How do you find the standard equation given focus (8,10), and vertex (8,6)?

2 Answers
Mar 25, 2017

The focus is above the vertex, therefore, the vertex form of the equation is:

y = a(x-h)^2+k

Use the focus to compute a = 1/(4f)

Expand the equation into standard form.

Explanation:

The focal distance, f, is the distance form the vertex to the focus:

f = 10-6

f = 4

Compute the value of "a":

a = 1/(4f)

a = 1/16

The vertex tells us that h = 8 and k = 6

Substituting these values into the vertex form:

y = 1/16(x-8)^2+6

Expand the square:

y = 1/16(x^2-16x+64)+6

y = x^2/16-x+4+6

y = x^2/16-x+10 This is standard form.

Mar 25, 2017

Find the distance between vertex and focus. Call that p.
Since it opens upward, p >0. Use (x-h)2 = 4p(y - k).

Explanation:

The equation of the parabola that opens up or down and has vertex (h, k) is
(x-h)^2 = 4p(y - k)
where p is the difference between the y-coordinates of the focus and the vertex.

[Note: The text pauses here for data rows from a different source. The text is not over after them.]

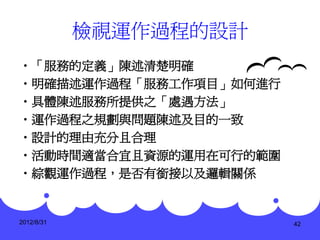 檢視運作過程的設計
•「服務的定義」陳述清楚明確
•明確描述運作過程「服務工作項目」如何進行
•具體陳述服務所提供之「處遇方法」
•運作過程之規劃與問題陳述及目的一致
•設計的理由充分且合理
•活動時間適當合宜且資源的運用在可行的範圍
•綜觀運作過程，是否有銜接以及邏輯關係


2012/8/31               42
 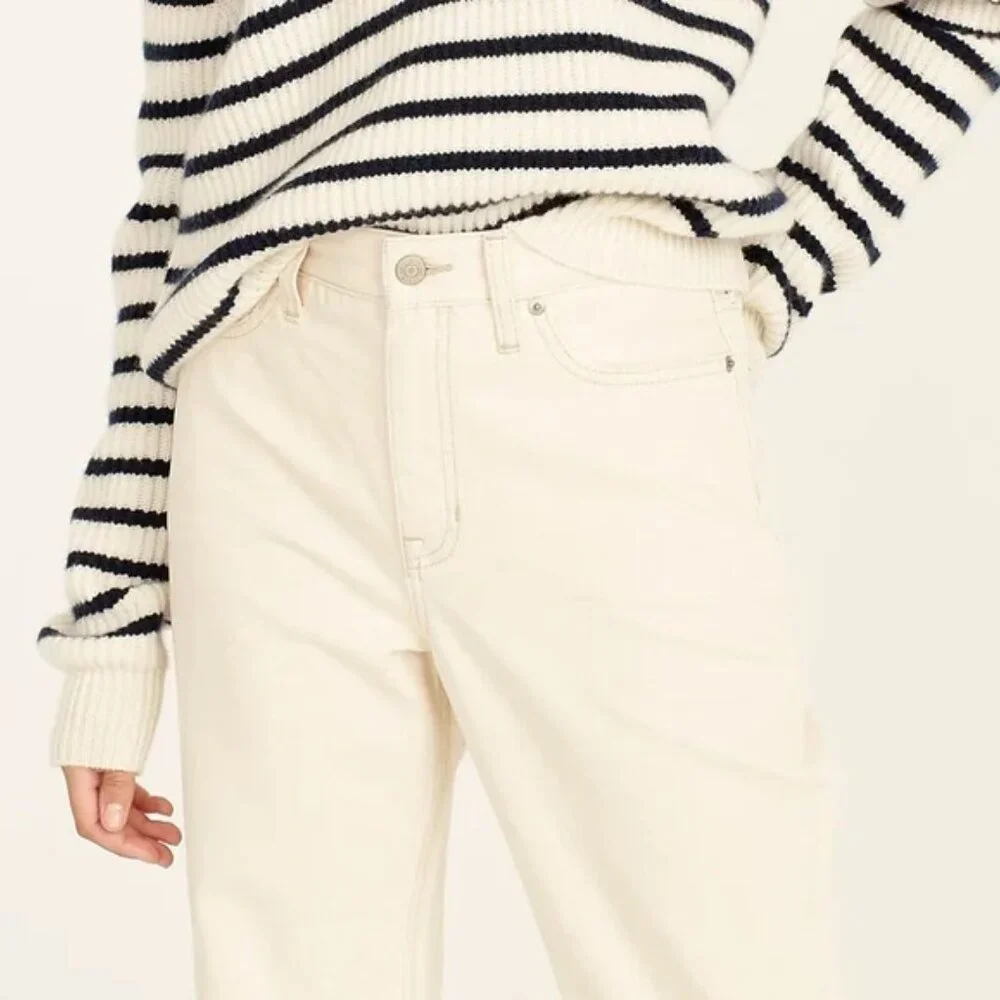 J. CREW Natural Ecru Slouchy Boyfriend Jeans Preppy Capsule Minimalist Sz 24 NWT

In this example, p = 10 - 6 = 4, and (h, k) = (8, 6). Therefore,

(x-8)^2 = 16(y - 6)

This may have been the form you were seeking.
[If we want this in the "standard form," that usually means solving for the variable that is not squared. Distribute the 16, and add...

(x-8)^2 = 16(y - 6)
(x-8)^2 = 16y - 96
(x-8)^2 + 96 = 16y
y = 1/16 (x-8)^2 + 6
]
If you were only interested in the standard form, set a = 1/(4p) and go straight to the vertex form:

a = 1/(4*4) = 1/16. Therefore,

y = a(x-h)^2 + k
That is,
y = 1/16 (x-8)^2 + 6

Use FOIL and distribute if you prefer the form
y = ax^2 + bx + c

I will not spoil that fun for you.